Four mouths ago, I bought a 2006 Orca with Ksyrium SLs. After 1-1/2 months and 410 miles later, the seat tube on the frame cracked horizontally towards the middle. Almost seems like a compression type of cracking. My LBS told me my weight was fine and I also called Orbea and they said my weight should have not been an issue. So anyways, a month later, I got my replacement frame for free and it's a 2008 Opal. I can see that the frame seems thicker in diameter but it's still light weight. 16.6lbs rolling bike without gadges.:thumbsup: I hope this one will last. Have you guys heard any other experiences with Orbea with heavier riders 220+? Most of the Orbea riders I see on this forum are 200lbs and under.


----------



## Slave2Gravity (Jul 13, 2007)

You shouldn't have a problem, the frame is roughly 30% stiffer than the Orca, which should provide some added strength and rigidity. 

Just out of curiosity, do you know what were you doing the exact moment it cracked (such as a hard climb in the saddle)? I'd be interested if you were doing something to really torque the frame laterally. In any case, you're in for a really sweet ride!


----------



## mecam (Mar 13, 2006)

Slave2Gravity said:


> Just out of curiosity, do you know what were you doing the exact moment it cracked (such as a hard climb in the saddle)? I'd be interested if you were doing something to really torque the frame laterally. In any case, you're in for a really sweet ride!

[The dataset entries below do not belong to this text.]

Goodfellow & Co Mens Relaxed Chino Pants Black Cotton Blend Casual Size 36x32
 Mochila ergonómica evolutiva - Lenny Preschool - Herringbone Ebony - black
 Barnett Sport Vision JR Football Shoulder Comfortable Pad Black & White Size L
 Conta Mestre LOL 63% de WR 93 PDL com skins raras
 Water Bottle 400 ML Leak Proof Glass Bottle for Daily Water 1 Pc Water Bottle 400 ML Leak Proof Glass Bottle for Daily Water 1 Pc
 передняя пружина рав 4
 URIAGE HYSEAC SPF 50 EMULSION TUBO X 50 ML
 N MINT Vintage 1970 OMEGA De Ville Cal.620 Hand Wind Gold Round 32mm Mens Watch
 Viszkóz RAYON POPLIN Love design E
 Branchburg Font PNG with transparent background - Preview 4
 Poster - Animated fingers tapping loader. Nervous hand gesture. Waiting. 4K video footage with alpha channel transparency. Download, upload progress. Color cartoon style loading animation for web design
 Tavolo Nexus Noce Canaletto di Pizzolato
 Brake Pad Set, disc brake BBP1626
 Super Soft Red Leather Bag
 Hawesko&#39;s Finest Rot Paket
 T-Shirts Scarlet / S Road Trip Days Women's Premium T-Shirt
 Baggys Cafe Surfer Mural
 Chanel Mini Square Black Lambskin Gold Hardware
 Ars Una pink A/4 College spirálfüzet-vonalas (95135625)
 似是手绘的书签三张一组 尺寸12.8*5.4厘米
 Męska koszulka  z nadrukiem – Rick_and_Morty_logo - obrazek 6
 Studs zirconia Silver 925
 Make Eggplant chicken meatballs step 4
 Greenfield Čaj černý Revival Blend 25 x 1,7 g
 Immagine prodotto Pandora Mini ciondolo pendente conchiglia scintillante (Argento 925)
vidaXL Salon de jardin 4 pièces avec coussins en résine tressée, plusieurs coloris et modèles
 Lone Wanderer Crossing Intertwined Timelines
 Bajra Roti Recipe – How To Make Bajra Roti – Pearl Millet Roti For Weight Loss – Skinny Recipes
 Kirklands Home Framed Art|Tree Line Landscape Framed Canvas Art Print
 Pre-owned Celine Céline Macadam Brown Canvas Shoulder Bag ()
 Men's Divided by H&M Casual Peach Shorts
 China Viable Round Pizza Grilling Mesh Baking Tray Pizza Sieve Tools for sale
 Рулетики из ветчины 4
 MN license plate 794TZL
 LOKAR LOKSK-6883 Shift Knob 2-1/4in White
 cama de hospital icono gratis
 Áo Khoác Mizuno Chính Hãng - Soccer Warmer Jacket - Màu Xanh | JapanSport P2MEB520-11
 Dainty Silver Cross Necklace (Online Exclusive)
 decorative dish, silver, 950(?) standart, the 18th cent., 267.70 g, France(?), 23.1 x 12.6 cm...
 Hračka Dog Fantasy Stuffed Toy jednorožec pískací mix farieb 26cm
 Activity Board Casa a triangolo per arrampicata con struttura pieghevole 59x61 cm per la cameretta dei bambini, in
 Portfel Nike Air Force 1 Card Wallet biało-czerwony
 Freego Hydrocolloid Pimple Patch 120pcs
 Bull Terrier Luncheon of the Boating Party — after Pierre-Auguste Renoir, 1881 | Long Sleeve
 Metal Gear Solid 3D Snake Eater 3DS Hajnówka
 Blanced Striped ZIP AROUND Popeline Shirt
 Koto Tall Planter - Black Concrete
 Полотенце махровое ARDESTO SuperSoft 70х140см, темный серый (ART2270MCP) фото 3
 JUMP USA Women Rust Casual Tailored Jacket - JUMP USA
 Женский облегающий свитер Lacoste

I really don't know how it cracked. I just saw it when I was wiping down the frame. I don't remember hitting any pot holes or anything like that. I discovered it the next day after I rode a 60mile "Bike for Breath" charity ride. Orbea agreed it was a manufacture defect and they are very good with their warranty & support. I opt not to get an 07 Orca replacement because I didn't like the way it looked.

Here's a photo of the cracked seat tube.


----------



## mecam (Mar 13, 2006)

Here's the replacement baby... She's so beautiful, I'm even afraid to sit on her.


----------



## dave99ag (Jul 26, 2005)

So they're rolling out 2008 models now? Doesn't look like too many changes for this year.


----------



## mecam (Mar 13, 2006)

dave99ag said:


> So they're rolling out 2008 models now? Doesn't look like too many changes for this year.


My LBS doesn't sell them yet but they recevied this for my replacement because I wouldn't accept an 07 Orca. I talked to Orbea and they said the 08 Opal is pretty much the same bike from 07, just a slight change on the paint scheme.


----------